24 luglio 2017
La fine della mia ultima relazione mi ha destabilizzato moltissimo, tanto da non riconoscermi più. Non ho mai voluto chiuderla, lo amavo alla follia: volevo lui, problemi compresi. Questa separazione, sommatasi a quelle subite precedentemente, ha ampliato un vuoto dentro me. Mi sono sentita impotente e non sono ancora riuscita ad accettarlo del tutto.
La parte più complessa del distacco non è la perdita della persona amata, ma lo smarrimento di un frammento di te stesso. Ti senti espropriato di qualcosa che un tempo faceva parte di te. Allora come riappropriarsene?
Parte della nostra identità si costruisce e distrugge in funzione delle relazioni che intratteniamo. Il distacco da qualcuno (o qualcosa), tema centrale del libro sopracitato, può essere fertile o sterile. Renderlo fecondo, significa quindi ricostruire la propria identità perduta.

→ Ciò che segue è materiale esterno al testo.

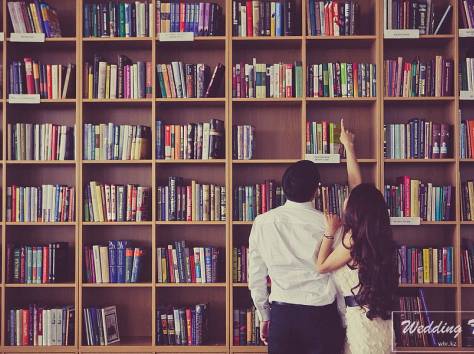 Фото и Видео Съемка Свадеб, Свадебных Мероприятий и Love Story , фотография 10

Questo processo lungo e articolato include rifiuto, blocchi emotivi ed esitazioni. Sta a noi la volontà di percorrerlo, lasciando che il distacco porti i suoi frutti e non si sedimenti in fondo al cuore. Bisogna essere pazienti e concedersi il tempo necessario per accettare. Alla fine saremo più forti e disposti a intraprendere nuove relazioni.
La citazione è tratta dal libro “Distacchi e altri adii” della psicoterapeuta Gianna Schelotto.
Ciao Shelinz, mi spiace per il vuoto che si è creato dentro di te. Ti auguro di riuscire a gestire al meglio il distacco in modo da trarne il meglio.
Mi hanno colpito queste parole: “La parte più complessa del distacco non è la perdita della persona amata, ma lo smarrimento di un frammento di te stesso. Ti senti espropriato di qualcosa che un tempo faceva parte di te.”
Parole che parlano in un certo senso egoisticamente, ma in effetti direi proprio che è così. Non credo possa essere altrimenti, cioè quando sei coinvolto vedi le cose sotto un’altra prospettiva… l’alternativa è farsi coinvolgere poco, mettere un freno, ma non mi piace.